Work order - Verbatim copy, images excluded: write out each record shown below.

Data to process -

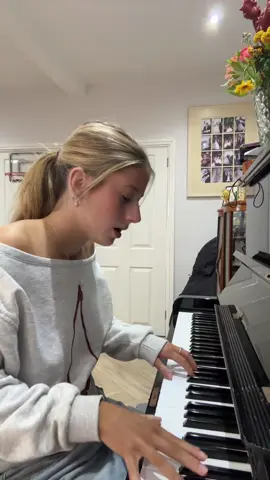 Love - Keyshia Cole @Keyshia Cole #fyp #pianocover #keyshiacole #singers #trendingsound 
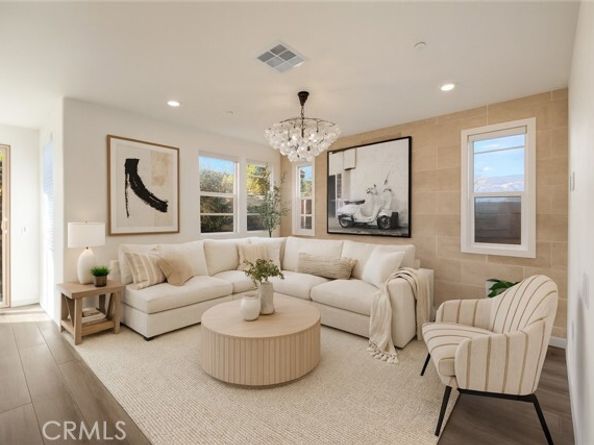 2323 Apple, Upland CA 91786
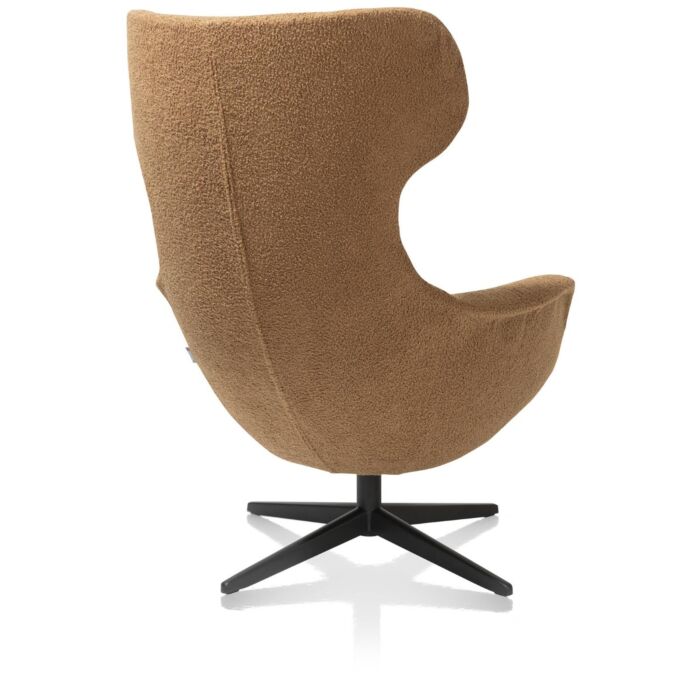 Fauteuil Noora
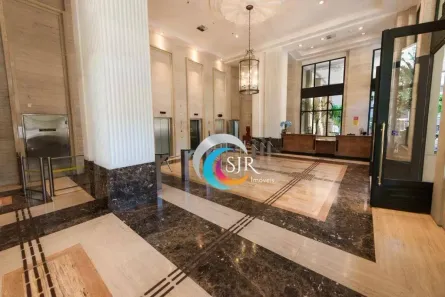 Sala Comercial à venda, 576m² no Vila Olímpia, São Paulo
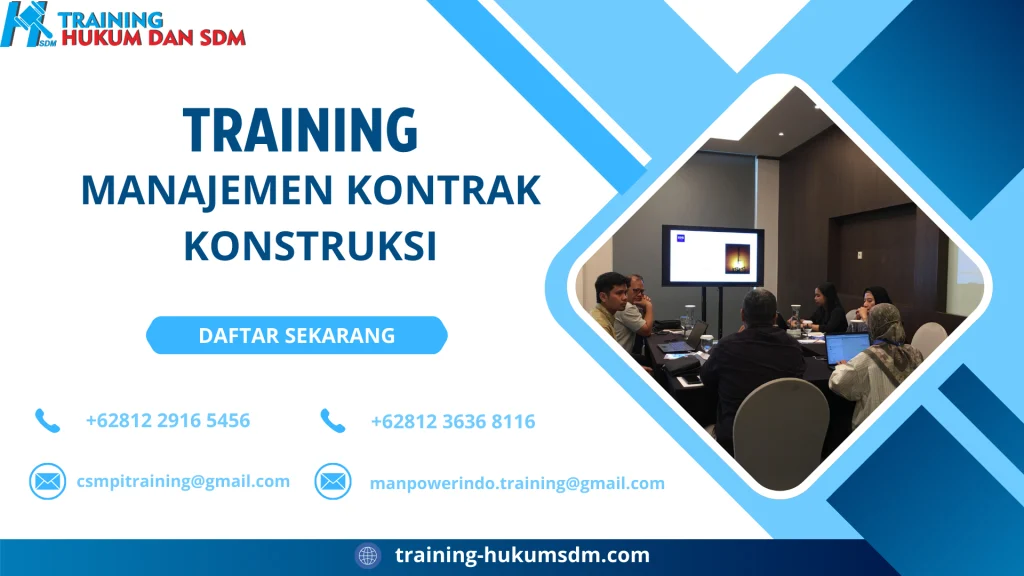 TRAINING-MANAJEMEN-KONTRAK-KONSTRUKSI-_1_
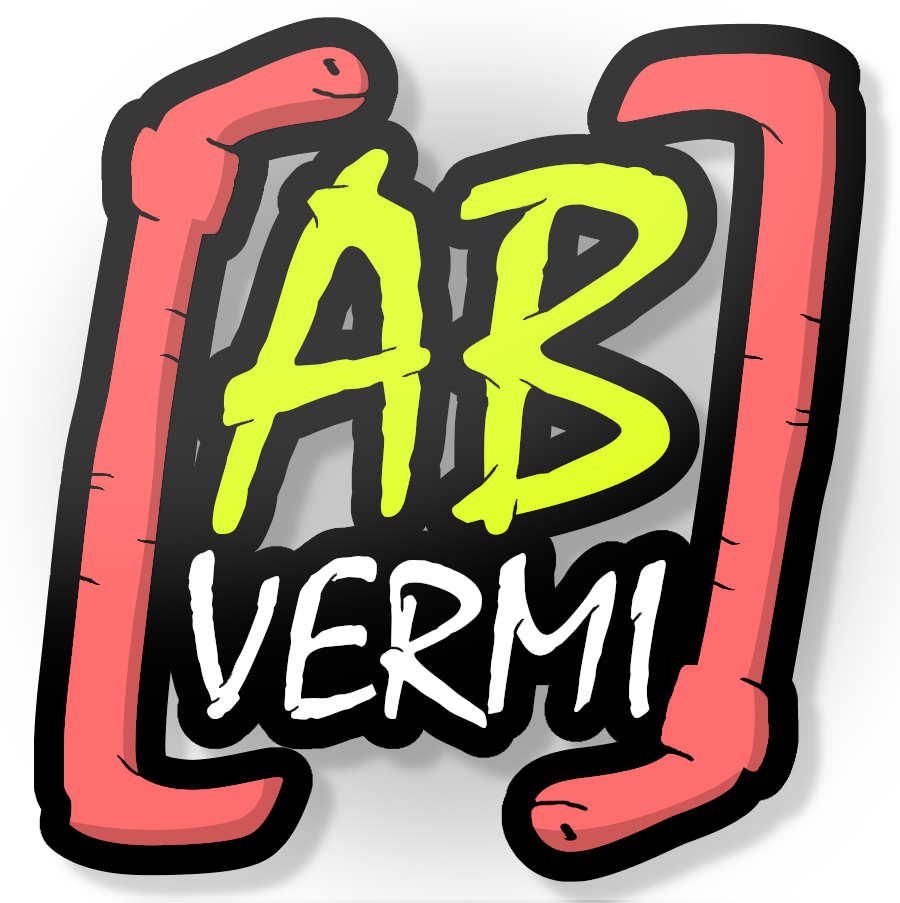 Buy Worms in Sherburne New York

Task result -
 Love - Keyshia Cole @Keyshia Cole #fyp #pianocover #keyshiacole #singers #trendingsound 
 2323 Apple, Upland CA 91786
 Fauteuil Noora
 Sala Comercial à venda, 576m² no Vila Olímpia, São Paulo
 TRAINING-MANAJEMEN-KONTRAK-KONSTRUKSI-_1_
 Buy Worms in Sherburne New York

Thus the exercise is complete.